Using a lot of what I here on this site, I think I had my first hook up today but I think the fish ran betweeen the rocks and cut my leader 6lb trileen flourocarbon. I thought it was a snag at first and stopped to pause and realized my line was pulling up river against the current. Wow was I surprized!!to say the least. Thanks guy's for all the help, It's starting to pay off. By the way I started with eggs-no hits, changed to green and white jig tipped with a nice fresh piece of shrimp and I think that was bringing them. You should have seen the blow out today the river was high and the leaves are all going out to the lake. Awsome. Now all we need is a nice run of 100 or so fish to come in. YEah!!!!!! <><:airplane:


----------



## RockyRiverRay (Jan 14, 2009)

steelie4u said:


> Who breaks fish off with 4lb?.....lol.........I use endurance line by cortland which is available in yellow, green and clear, with the clear no need for shot line, which i run most of the time, go to Erie Outfitters and talk to Craig, hes a great guy and he knows more than most of us wwill ever, he will set you up and show you how to use it.

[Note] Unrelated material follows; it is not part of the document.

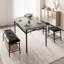 Table de salle à manger avec bancs, ensemble de table de cuisine pour 4 personnes, ensemble de table de salle à manger avec banc rembourré et tabourets carrés, ensemble de table de salle à manger en métal et bois pour 4 avec rangement pour petit esp-1148727575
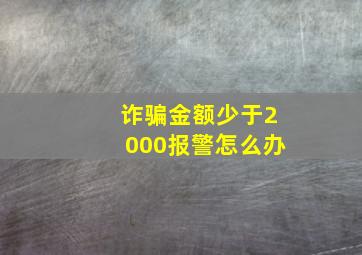 诈骗金额少于2000报警怎么办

Hmmm what pound line do you use again you "horseaholic!?" hahaha lets fish tomorrow. Chris is gettin out too. Call me if you can get out and cork the lommie.

Ray


----------



## steelie4u (Mar 18, 2009)

RockyRiverRay said:


> Hmmm what pound line do you use again you "horseaholic!?" hahaha lets fish tomorrow. Chris is gettin out too. Call me if you can get out and cork the lommie.
> 
> Ray


was using 4lb test and 5lb test..lol.........gotta give the fish a chance.......lol.....I am pumped 3 weeks and Iam in NY for BIG BROWNS and BIG STEEL, am hunting for a Steel over 16lbs that was my biggest in NY in 10 years, 2 years ago I landed a 15 Lb brown on salmon river what ablast and it was in 1000 cfs flow........lol


----------